Some friends recently were saying my theory about KKK signaling in the open is just a theory. It’s true, I am proposing theories that are meant for dialogue, rather than saying I’m the final word on hidden signaling.
Nonetheless, hidden signaling of hate speech is a very real thing. It takes training and some careful observation to reveal the obfuscated messages without looking like you’ve lost your eyesight. Trust depends on establishing some clear explanations, or getting a fancy degree.
It has become sort of a running joke among friends for me to qualify what I say with “I may not have gone to Harvard, but my analysis is still good” after a professor at Harvard dismissed my points with “I haven’t seen someone at Harvard write that”.
With the Harvard-centricity of knowledge caveat out of the way, and without revealing how I ended up with equivalent or better training in militant symbols (shouldn’t matter anyway), let me relate to you the type of behavior that I believe needs greater scrutiny.

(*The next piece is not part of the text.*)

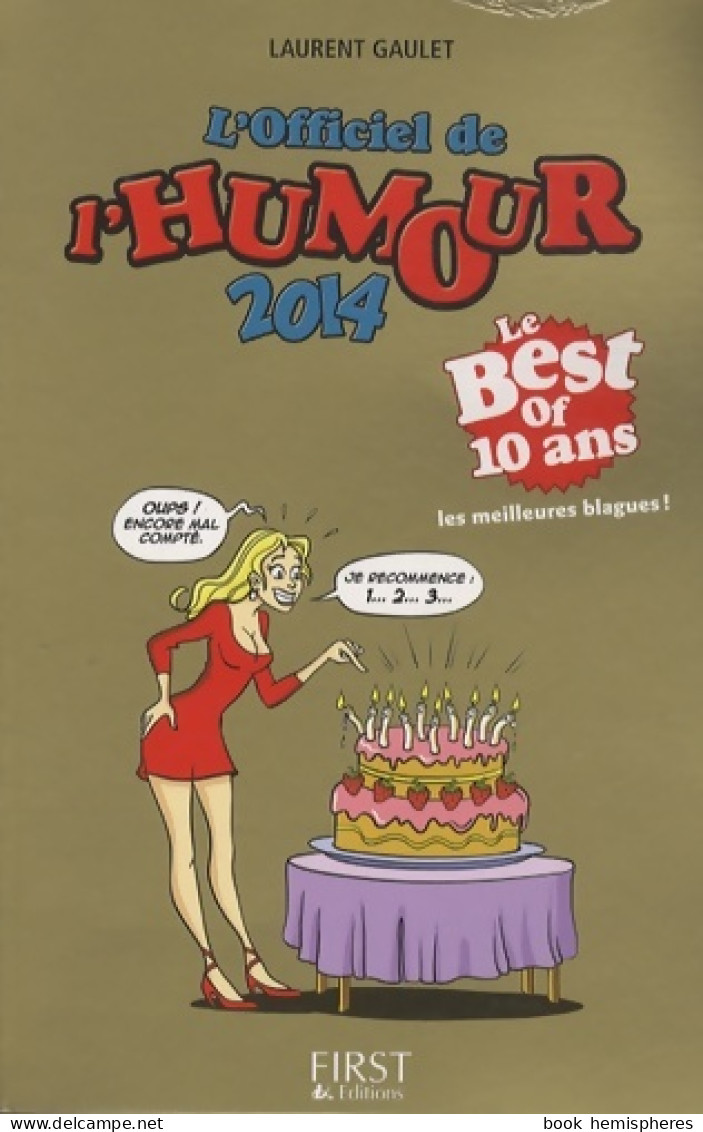 L'Officiel De L'humour 2014 (2013) De Laurent Gaulet - Humor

I’m not the first to write about Nazi tees hiding in plain sight, of course. A descendant of Nazi soldiers literally sent me a Mel Magazine article about Neo-Nazi apparel and asked me if there was anything I wanted for Christmas:
At a cursory glance, the T-shirt looks like an ad for Sea World. An orca, triumphantly jutting out of the sea, splashes water above the words “Antarktis-Expedition.” It takes just a second longer to notice the bold text hovering above the orca: “Save the White Continent.”

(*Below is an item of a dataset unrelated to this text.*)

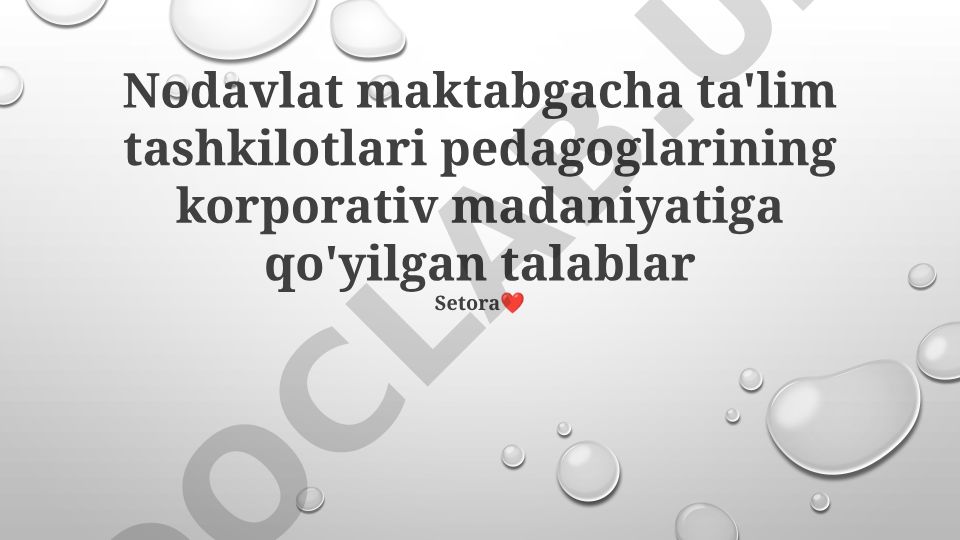 Nodavlat maktabgacha ta'lim tashkilotlari pedagoglarining korporativ madaniyati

The shirt was created by the German label Thor Steinar, one of a few clothing brands that cater to neo-Nazis. Like Ansgar Aryan and Erik and Sons, Thor Steinar uses coded references to obscure events in Nazi history, veiled threats and playful imagery to flout German hate-speech laws, which forbid explicit references to the Third Reich.
So let’s just say I’ve been, and remain, in the right circles to know when I see something fishy. And that is why, while walking through an airport the other day, I could not help but notice someone wearing a giant 5th SS Panzer-Division symbol on a T-shirt.

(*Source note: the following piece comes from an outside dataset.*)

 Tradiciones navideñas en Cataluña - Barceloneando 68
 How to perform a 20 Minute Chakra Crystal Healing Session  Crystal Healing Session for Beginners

First, I will explain the Nazi symbolism I am referencing. There are three parts: the SS, the Wiking and the Panzer-Division. An easy way of explaining these three symbols is to look at the marketplace of Neo-Nazi merchandise.
You perhaps can see how a SS, Wiking, and Panzer-Division ring has been segmented into the three parts around the finger, which makes it kind of unwieldy and large.
Now I will explain these three symbols on the ring, left to right:
- SS (schutzstaffel) = a criminal militant organization of the Nazi Party directly involved in numerous war crimes and crimes against humanity
- Wiking = “Nordic” volunteers commanded by Germans
- Panzer-Division = the 5th Panzer-Division of the SS Wiking, a motorized (tank and artillery) infantry
Here’s an example of the SS Wiking symbol on a tank, for some historic perspective, as it rolls its way towards committing war crimes
And here is a pamphlet from the same time period
Second, I was walking through an airport just the other day when to my great surprise I saw someone wearing a Nazi symbol. Unlike the ring, however, three symbols have been combined into a single giant one.
And here is a closer view, as I had to find out who was wearing this thing and why
Most people I’ve explained this to call it an unfortunate oversight, or poor (ignorant) choice in design.
One guy thought it couldn’t possibly be intentional as the words surrounding the “Nazi rune” (his words) were so peace inspiring. I found that logic to be a bit like saying a hunter isn’t going to shoot a deer because a camouflage suit seems so nature-loving.
The Nazis infamously broadcast peace slogans into France right before invasion, and even convinced some people in America that Nazis are pacifists (see America First propaganda).
Of course I had to walk up to this woman and ask her “what’s with the Nazi SS symbol?” She gasped and said “Oh no. Oh my god. Don’t look. I don’t mean to offend anyone” and then walked away.
Simply Southern is based in North Carolina and describes itself as a “brand to reflect the values of a southern lifestyle“. In their “giving back” section of the website they curiously depict black children next to marine animals.